6 Data Management, Analysis and Validation

It should be noted that with the extremely large data sets that are a result of the data collection efforts for this project, it will take a significant amount of staff time to thoroughly quality assure the data. Moreover, data analysis will also require a significant amount of staff time. Both activities are ongoing processes.

6.1 Data Management

6.1.1 Purpose/Background

The following section identifies the processes and procedures that were used to acquire, transmit, transform, reduce, analyze, store, and retrieve data. These processes and procedures will maintain the data integrity and validity through application of the identified data custody protocols. Figure 2 shows the data flow from the shelters, lab analysis and NDOT traffic data to raw data storage, data review, and analysis.

6.1.2 Data Recording

The majority of the data collected for this study was recorded electronically. Field/lab personnel/teams used EPA-provided forms and checklists or develop documents as needed to accomplish data recording (EPA/FHWA Near-Road QAPP). To accomplish this, each monitoring site was equipped with data loggers. A data logger was set up to record each air quality monitor's output, perform specific data manipulations, and format the resulting data in preparation for downloading and subsequent loading to a SAS database(s). Data collected from real-time monitors (e.g., gas analyzers, sonic anemometers, etc.) were recovered via computers on a daily or near-daily basis.

Data that required manual entry, such as those obtained from the integrated particulate samplers or MSAT canister and DNPH sampling, were entered into a custom designed Excel spreadsheet that was used to generate sample labels, record data, and generate sample tracking forms for the integrated VOC, carbonyl and PM2.5 samples. The spreadsheet generated the unique sample codes and labels for each sampling day, location, time period, and sample type. All sample collection parameters (e.g., pressures, flows) were hand recorded on a printed blank form by the field operator at the time of sample collection. This information was then entered by the field operator into the electronic data collection form where embedded formulas made all necessary calculations and generated a summary page later entered into the study database. From this information, the chain-of-custody (COC)/tracking forms were generated and printed. Information recorded in the electronic data sheet included sample start and end times, pressures, and flow rates. The electronic files were copied to a dedicated flash drive that was shipped with the samples from the field to the EPA RTP facility. At this point EPA staff retrieved the data files from the flash drive, verified the data entries, made necessary corrections and delivered the corrected field files to the database administrator. All datasheet entries made by the field site operator were 100 percent verified at the laboratory by EPA staff. Verification compares the original handwritten datasheets to the field generated electronic datasheet. This electronic datasheet formed the basis of the final EPA database for the integrated samples. The spreadsheets were designed to reduce human error and provide a simple, effective means to collect and process a large number of samples. After laboratory analysis, EPA contractor staff provides the analysis data in Excel spread sheet format that was imported by the Database Administrator (DBA), into the database. Linkages between the field data and the laboratory analysis were made using the field sample codes.

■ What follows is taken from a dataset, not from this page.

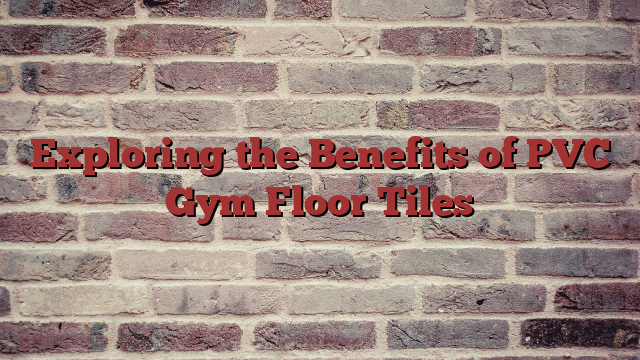 Exploring the Benefits of PVC Gym Floor Tiles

Nevada DOT traffic data were uploaded to the FTP Science Server approximately every two weeks by an NDOT FAST staff member. This data was in the form of an ASCII text file. These data were transmitted to the EPA DBA for entry into a SAS dataset.

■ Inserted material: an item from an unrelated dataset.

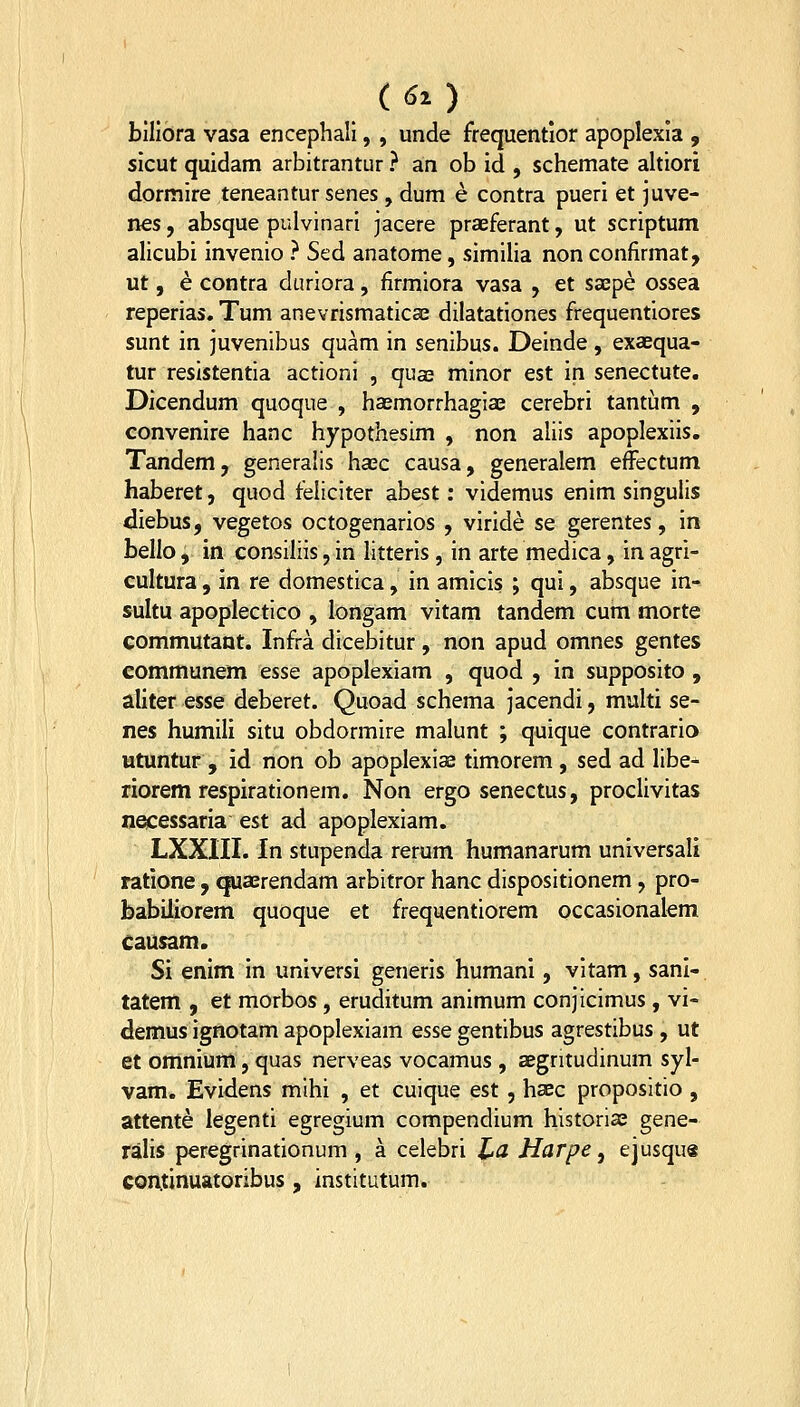 (<50 biliora vasa encephali, , unde frequentior apoplexia , sicut quidam arbitrantur ? an ob id , schemate ahiori dormire teneantur senes, dum e contra pueri et juve- nes, absque pulvinari jacere praeferant, ut scriptum alicubi invenio ? Sed anatome, simiha non confirmat, ut, e contra duriora, firmiora vasa , et sxpe ossea reperias. Tum anevrismaticae dilatationes frequentiores sunt in juvenibus quam in senibus. Deinde, exaequa- tur resistentia actioni , qua2 minor est in senectute. Dicendum quoque , ha^morrhagia; cerebri tantilim , convenire hanc hypothesim , non aliis apoplexiis. Tandemj generalis hasc causa, generalem effectum haberet, quod feliciter abest: videmus enim singulis diebus, vegetos octogenarios , viride se gerentes, in bello, in consrliis, in litteris, in arte medica, in agri- cultura , in re domestica, in amicis ; qui, absque in- sultu apoplectico , longam vitam tandem cum morte commutant. Infra dicebitur, non apud omnes gentes communem esse apoplexiam , quod , in supposito , aliter esse deberet. Quoad schema jacendi, multi se- nes humili situ obdormire malunt ; quique contrario utuntur , id non ob apoplexias timorem , sed ad libe- riorem respirationem. Non ergo senectus, proclivitas necessaria est ad apoplexiam. LXXIII. In stupenda rerum humanarum universali ratione, quaerendam arbitror hanc dispositionem, pro- babiliorem quoque et frequentiorem occasionalem causam. Si enim in universi generis humani, vitam, sanl- tatem , et morbos, eruditum animum conjicimus, vi- demus ignotam apoplexiam essegentibus agrestibus , ut et omnium, quas nerveas vocamus , aegritudinum syl- vam. Evidens mihi , et cuique est , haec propositio , attente legenti egregium compendium historiae gene- ralis peregrinationum , a celebri l^a Harpe, ejusqus coi\tinuatoribus , institutum.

6.1.3 Field and Laboratory Data Validation

Data validation occurred at each level of data collection and reporting with each activity recorded in laboratory notebooks. Data were conditionally validated after collection and after analysis. Conditional validation was the acknowledgment that field and laboratory staff did not or did notice problems with sample collection or analysis of a particular sample. Conditional validation helped identify problems during collection, storage, shipping, and analysis that may invalidate samples. Questionable data—defined as unusual values which the DBA determines can find no basis for being invalidated, were considered valid and annotated as such in the database. EPA is in the process of reviewing the database and making final determinations of data validity.

6.1.3.1 Instrument Performance Assessment Procedures

Each day, data was accessed using WinCollect software. Graphical reports were run to determine instrument status and data validity. Examples of these graphical reports are shown in the Appendices.

Instrument issues were identified and noted in a logbook at the computer being used to run WinCollect. The graphs and any instrument issues were noted in an email to the site operator, EPA and contractor staff.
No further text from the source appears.